◆ Problem statement
Print exactly the lines below between the line holding "Judge Lee Han" and the line holding "Черный БМВ Х5, объемом", inclusive, and nothing more.

──────

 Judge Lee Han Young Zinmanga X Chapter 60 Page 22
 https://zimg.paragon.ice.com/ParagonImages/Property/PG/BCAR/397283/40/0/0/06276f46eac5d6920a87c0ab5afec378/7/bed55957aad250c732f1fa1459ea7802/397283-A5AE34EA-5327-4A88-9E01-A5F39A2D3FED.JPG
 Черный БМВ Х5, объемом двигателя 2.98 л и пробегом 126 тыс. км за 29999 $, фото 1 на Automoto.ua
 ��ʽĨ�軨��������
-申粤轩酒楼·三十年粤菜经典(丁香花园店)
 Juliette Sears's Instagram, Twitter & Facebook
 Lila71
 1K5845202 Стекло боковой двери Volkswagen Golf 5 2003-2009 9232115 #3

──────

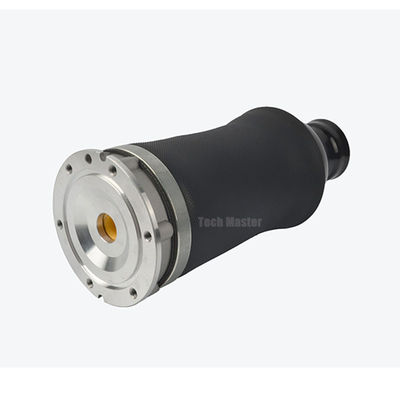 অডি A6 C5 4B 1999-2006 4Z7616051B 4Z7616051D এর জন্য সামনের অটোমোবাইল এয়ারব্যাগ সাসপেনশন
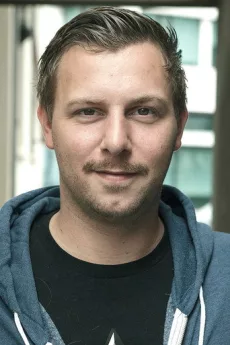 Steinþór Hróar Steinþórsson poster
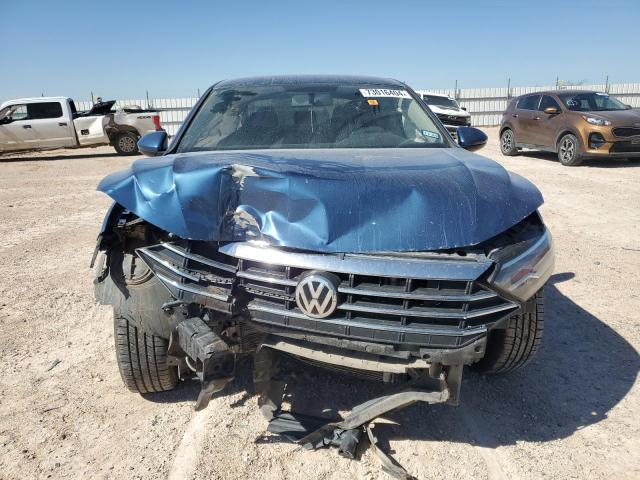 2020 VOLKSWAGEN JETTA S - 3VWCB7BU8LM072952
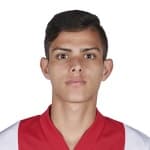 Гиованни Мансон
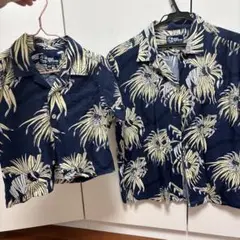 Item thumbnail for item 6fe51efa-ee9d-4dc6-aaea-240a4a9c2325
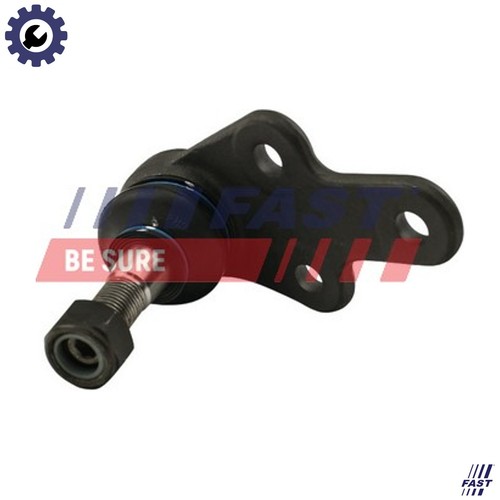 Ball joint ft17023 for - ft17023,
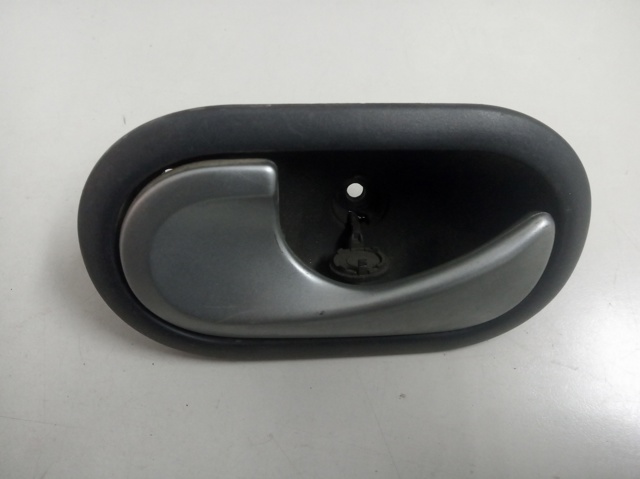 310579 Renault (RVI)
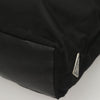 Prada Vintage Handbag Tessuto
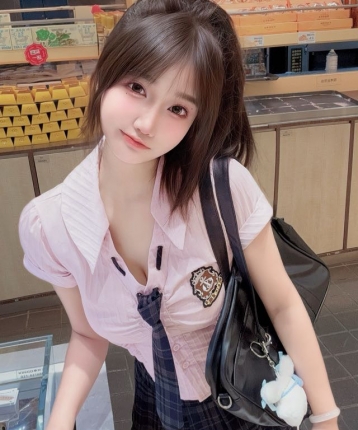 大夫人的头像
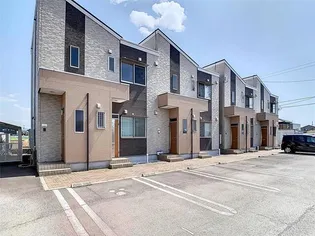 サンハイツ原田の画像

──────

◆ Solution for this task
 Judge Lee Han Young Zinmanga X Chapter 60 Page 22
 https://zimg.paragon.ice.com/ParagonImages/Property/PG/BCAR/397283/40/0/0/06276f46eac5d6920a87c0ab5afec378/7/bed55957aad250c732f1fa1459ea7802/397283-A5AE34EA-5327-4A88-9E01-A5F39A2D3FED.JPG
 Черный БМВ Х5, объемом двигателя 2.98 л и пробегом 126 тыс. км за 29999 $, фото 1 на Automoto.ua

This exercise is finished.